The August 9, 2014 Economist article, titled “Prostitution: A Personal Choice” discusses some of the same points covered in the Slate article, but goes a bit further by pointing out that the use of the internet to facilitate meetings between providers and clients has substantially mitigated, if not eliminated, the social problems that attend selling sex on the street. Moreover, and this is the point that is often overlooked but which speaks to me personally. Providers often enjoy their work and prefer it to alternatives. They enjoy the variety, the flexibility, the limited hours, and the opportunity to travel. And some actually enjoy sex.
What adults do with their bodies is a personal choice. My body belongs to me. Not some of it. All of it. I fundamentally reject any government’s attempt to tell me or any other woman what we can or cannot do with our body.
The Economist article also makes the entirely unremarkable observation that prohibition is ineffective. I am amazed that it has taken governments and society thousands of years to figure that out.

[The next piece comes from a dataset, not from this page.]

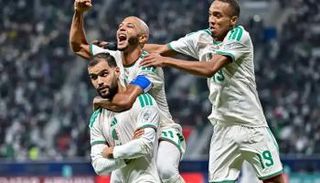 أشرف عبادة نجم منتخب الجزائر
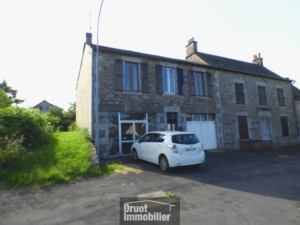  Coeur de village de SAINT AMANS DES COTS, maison de Type 5, 900 m2 de terrain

Next, they’ll find out that water is wet.
I’m encouraged though, that these two thought-leading publications agree on this issue. I’m also buoyed by the rapid pace of change in gay marriage laws and marijuana laws. The world is changing, and the pace of change is accelerating, which is a good thing. Bad ideas that were based on religion and prejudice have a harder time hiding But change cannot come soon enough on this issue for those that live today in the shadows, in apprehension, or in danger.